Nicht so «Succession». Das 90-sekündige Intro mit einem von Nicholas Britell komponierten Theme-Song, ist dermassen episch, dass sogar Rap-Star Pusha T einen offiziellen Hip-Hop-Remix des Intros angefertigt hat.
2. Dialoge plus Humor multipliziert mit «Holy Shit»-Momenten
Hinter «Succession» steckt Serienautor Jesse Armstrong, der auch schon Autor der britischen Comedyserie «Peep Show» war. Und wie schon bei «Peep Show», sind auch bei «Succession» der pechschwarze Humor, die kreativen Beleidigungen und die fantastischen Wortspiele die heimlichen Stars der Show.
Gut möglich sogar, dass die blitzgescheiten Dialoge und die «Habe ich das jetzt wirklich verstanden? Hat sie:er das tatsächlich SO gesagt?»-Momente die Serie sogar als Hörspiel funktionieren lassen würden. Trotzdem ginge so natürlich einiges verloren.

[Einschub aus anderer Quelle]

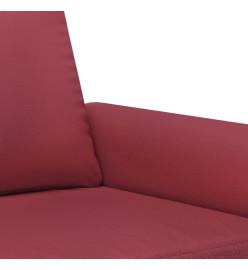 Ensemble de canapés 2 pcs et coussins rouge bordeaux similicuir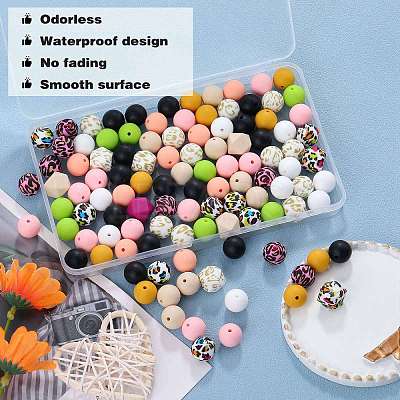 89Pcs Colorful Pattern Printed Silicone Beads Sets SIL-SZ0002-54E-1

So findet man Kendall Roys Rap, den er «zu Ehren» (?!?!?) des 50. Dienstjubiläums seines Vater performt, mittlerweile auch auf Spotify, aber halt ohne die betretenen «WTF?»-Gesichtsausdrücke aller Zuschauenden. («It's burning my eyes, but I cannot look away!»)
3. Jede:r hintergeht jede:n
«Succession» ist ein fortlaufendes Schachspiel mehrerer Grossmeister:innen. Doch das finale Ziel, die Unternehmensleitung von «Waystar RoyCo», kommt nur in realistische Reichweite, wenn man auf dem Weg dorthin die eine oder andere Zusammenarbeit eingeht – nur um seine:n Partner:in im nächsten Augenblick wieder in den Rücken zu fallen.

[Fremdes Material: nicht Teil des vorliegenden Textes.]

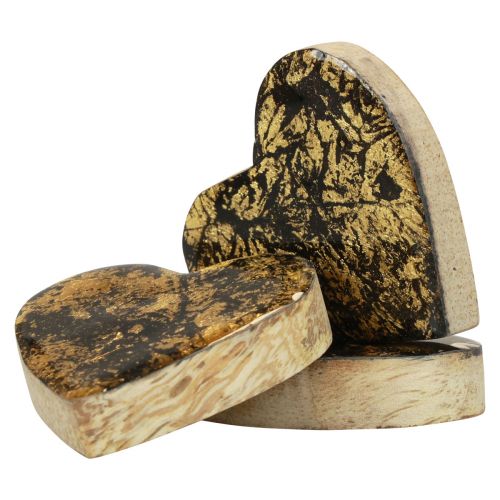Artikel Holzherzen Deko Herzen Schwarz Gold Glanz Effekt 4,5cm 8 St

Auch das ist eigentlich nichts Neues. Doch «Succession» hat diese permanenten Rochaden derart gut im Griff, dass selbst die:der erfahrenste Serienzuschauer:in nicht einschätzen kann, wo jetzt ein Fünkchen echter Familienzusammenhalt mitspielt, und wo das nächste Täuschungsmanöver dahintersteckt.
«Succession» lebt davon, dass sein fantastisches Ensemble in dauernd wechselnden Allianzen ständig überraschende Wendungen präsentiert, die zum Teil mehrmals innerhalb der gleichen Episode den Status Quo der Serie auf den Kopf stellen.
Und immer dann, wenn man meint, dass jemand endgültig Schachmatt gesetzt wurde... stellt sich heraus, dass wir eigentlich die längste Zeit Uno gespielt haben. Und alles beginnt wieder von vorne.
4. Das Sahnehäubchen: die Gaststars
Brian Cox, Kieran Culkin, Matthew Macfadyen, Jeremy Strong, Sarah Snook: Schauspieler:innen, die uns in anderen Filmen und Serien immer mal wieder begegnen. Trotzdem sind es nicht die grossen Hollywood-Stars, welche hier zu Höchstform auflaufen.
Und falls es dann doch eine zusätzliche Prise Salz braucht, weiss sich die Serie ebenfalls zu helfen – mit neuen, klingenden Namen, die für Gastauftritte aus dem Hut gezaubert werden. Wer es bis zur zweiten Staffel schafft, kommt dort beispielsweise in den Genuss von Oscar-Gewinnerin Holly Hunter.
Und für die soeben gestartete dritte Staffel dürfen wir uns auf Adrien Brody und Alexander Skarsgård freuen. Langweilig wird es also garantiert nicht.